A shiny black car was already running toward them. It came to a halt next to him, precisely, the door level with his body. The man who opened it from inside was old, his eyes kind as they rested on the three of them.

“Nice,” Kajii slurred uselessly.

Fitzgerald threw him inside without ceremony.

He turned toward Yosano, then, holding the door at the back open in invitation.

“Why?” she asked him. It came out breezy with disbelief.

“I told you,” he said lowly. “I’m a dreamer at heart.”

Yosano gulped in the cold February air. It ached inside her lungs. “You never thought the jaeger program was a lost cause,” she realized.

He smiled at her, the lines around his eyes deepening with it, making him look younger. It was the most honest expression she had seen him offer.

“Harvesting kaiju will only last me as long as humanity is here to buy,” he told her. “And if I have to choose between living alone with monsters and living free of them… I think the answer to that would be obvious to anyone, doctor.”


Double Black swayed forward with the strength of the explosion.

It was all Dazai and Kunikida could do to keep their hands linked with the kaiju’s; its tentacles had already wrapped around their middle in a suffocating hold, the pain of it roaring through them both and making their scarce air hard to find.
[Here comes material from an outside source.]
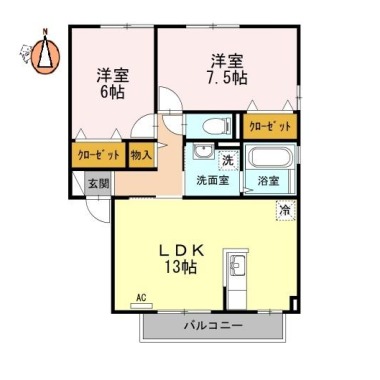 シャトーショコラ B202の間取り図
Dazai unfolded the blade from his right arm as soon as Kunikida gave him the go, letting go of the kaiju’s arm so he could slice through the tendrils choking them.

The kaiju screamed, close enough to be heard through the water. It swam away with its remaining limbs and disappeared into the shadows.

Dazai’s fingers were on the comm line instantly. “Heartblade,” he called.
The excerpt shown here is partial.